* _Task objective_
What is needed is an exact transcription of every record, minus the pictures.

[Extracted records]
*** Block opens ***

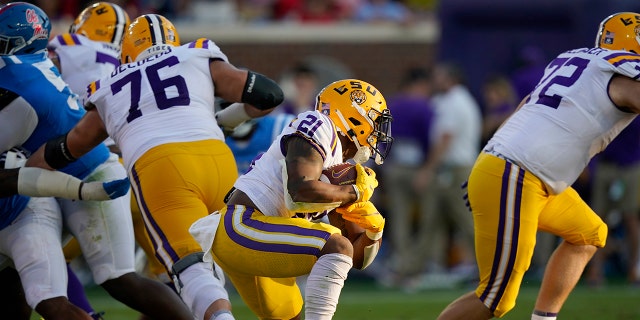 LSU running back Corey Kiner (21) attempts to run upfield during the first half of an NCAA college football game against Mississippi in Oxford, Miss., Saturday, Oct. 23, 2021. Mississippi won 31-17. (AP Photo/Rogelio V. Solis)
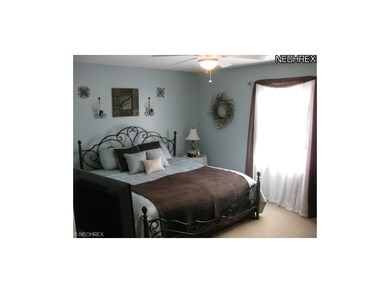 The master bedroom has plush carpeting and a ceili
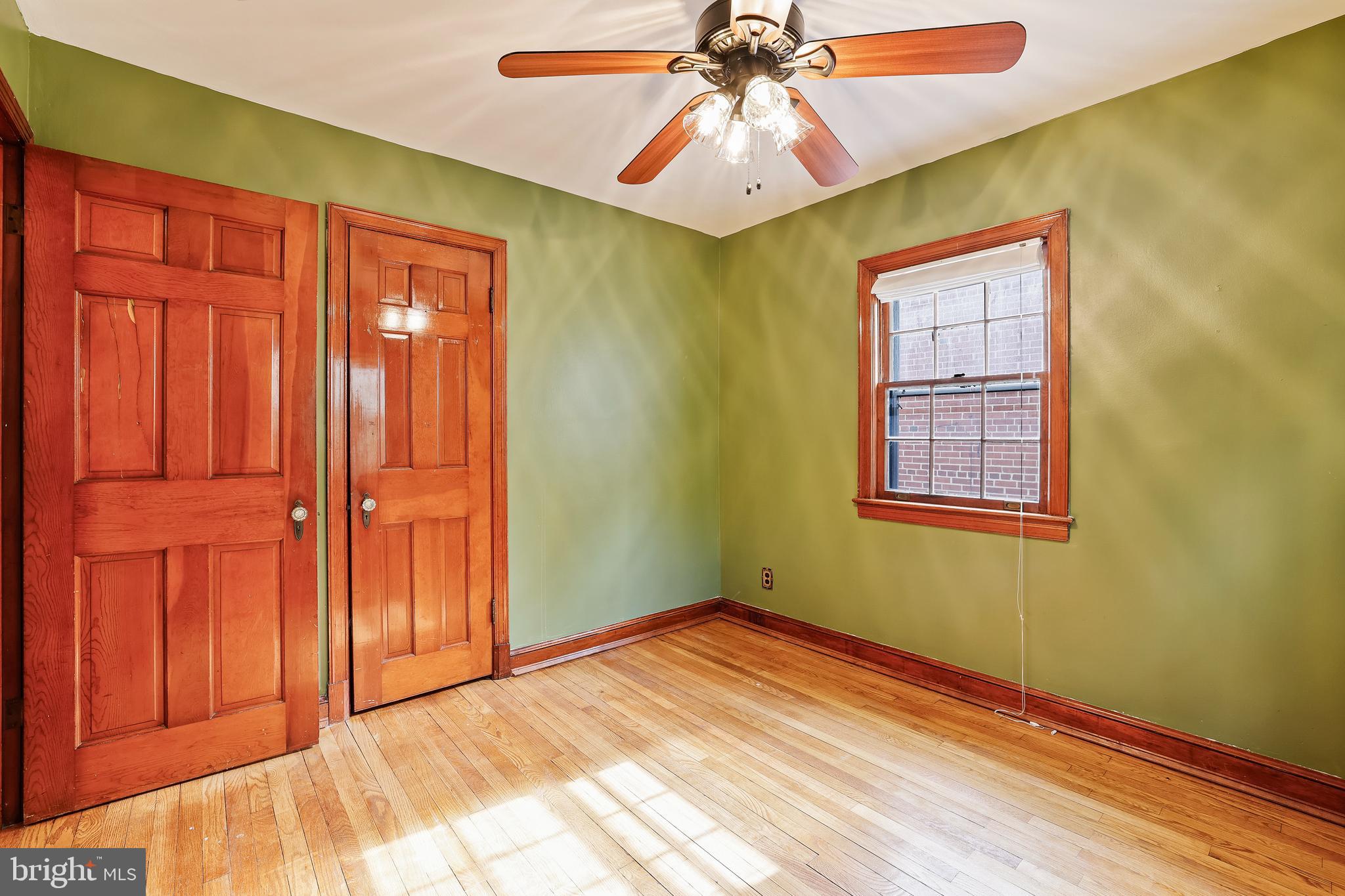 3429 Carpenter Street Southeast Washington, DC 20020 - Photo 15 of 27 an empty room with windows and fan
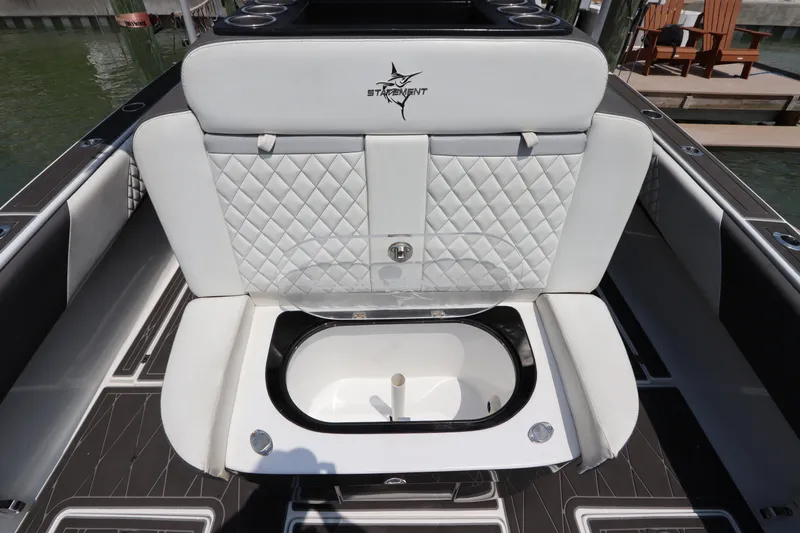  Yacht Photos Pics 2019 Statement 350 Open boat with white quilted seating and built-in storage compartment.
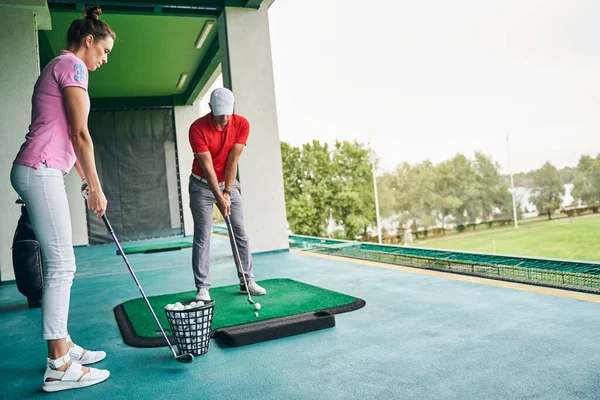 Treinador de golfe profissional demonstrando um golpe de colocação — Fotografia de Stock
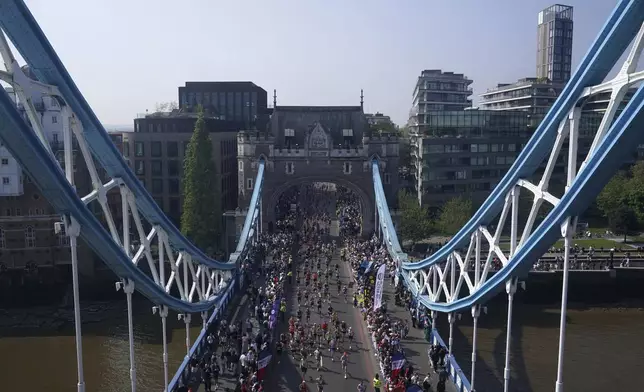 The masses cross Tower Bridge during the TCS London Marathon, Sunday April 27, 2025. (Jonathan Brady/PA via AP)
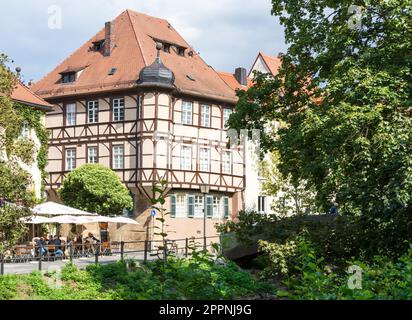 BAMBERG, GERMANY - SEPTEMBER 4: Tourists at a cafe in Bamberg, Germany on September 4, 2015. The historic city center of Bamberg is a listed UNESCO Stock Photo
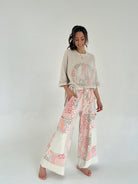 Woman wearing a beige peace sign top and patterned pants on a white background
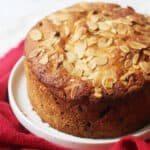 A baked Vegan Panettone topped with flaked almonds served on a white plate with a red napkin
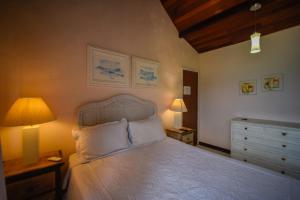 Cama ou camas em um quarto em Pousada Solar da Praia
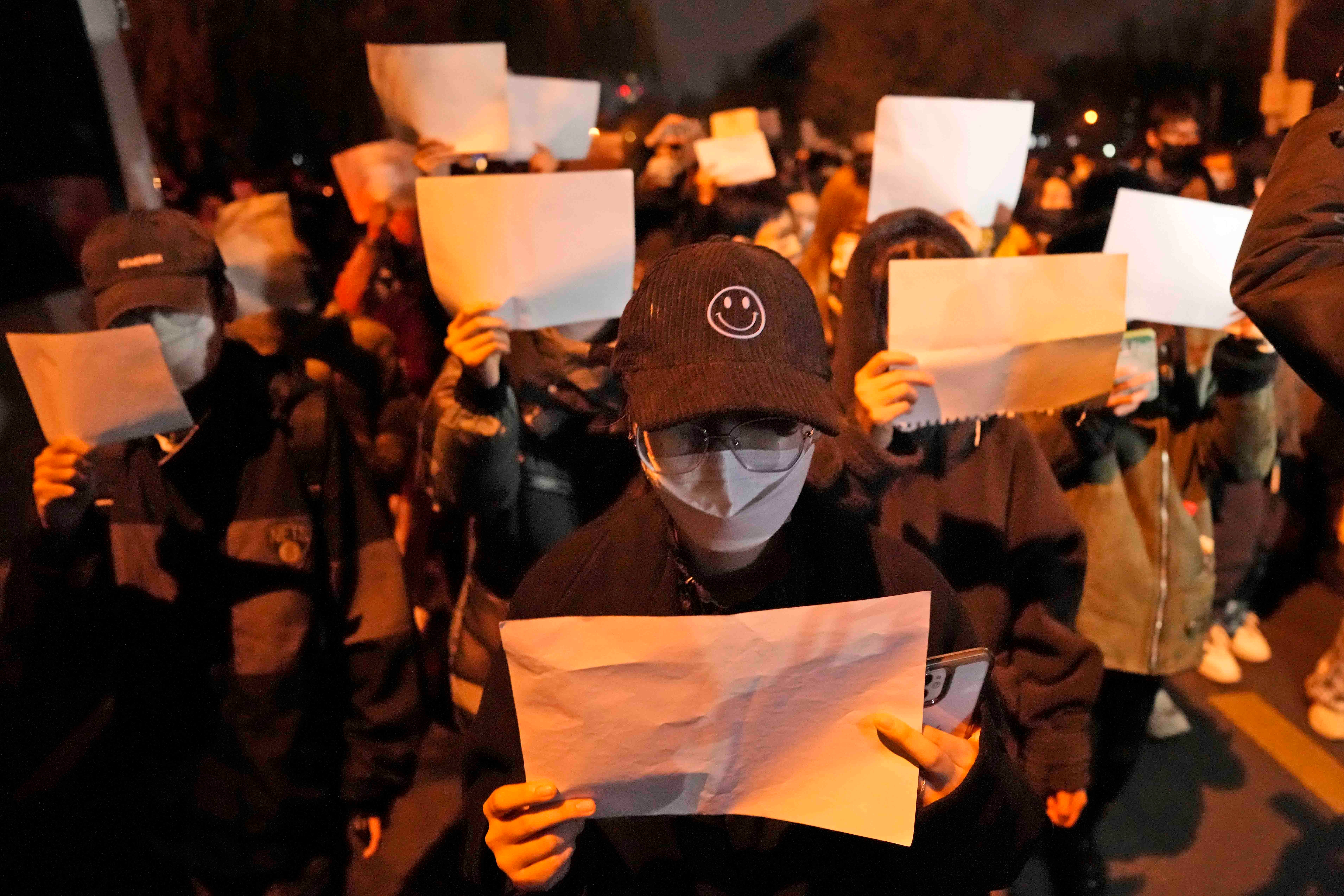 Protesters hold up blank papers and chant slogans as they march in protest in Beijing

*** Block closes ***

* _Expected answer_
 LSU running back Corey Kiner (21) attempts to run upfield during the first half of an NCAA college football game against Mississippi in Oxford, Miss., Saturday, Oct. 23, 2021. Mississippi won 31-17. (AP Photo/Rogelio V. Solis)
 The master bedroom has plush carpeting and a ceili
 3429 Carpenter Street Southeast Washington, DC 20020 - Photo 15 of 27 an empty room with windows and fan
  Yacht Photos Pics 2019 Statement 350 Open boat with white quilted seating and built-in storage compartment.
 Treinador de golfe profissional demonstrando um golpe de colocação — Fotografia de Stock
 The masses cross Tower Bridge during the TCS London Marathon, Sunday April 27, 2025. (Jonathan Brady/PA via AP)
 BAMBERG, GERMANY - SEPTEMBER 4: Tourists at a cafe in Bamberg, Germany on September 4, 2015. The historic city center of Bamberg is a listed UNESCO Stock Photo
 Woman wearing a beige peace sign top and patterned pants on a white background
 A baked Vegan Panettone topped with flaked almonds served on a white plate with a red napkin
 Cama ou camas em um quarto em Pousada Solar da Praia
 Protesters hold up blank papers and chant slogans as they march in protest in Beijing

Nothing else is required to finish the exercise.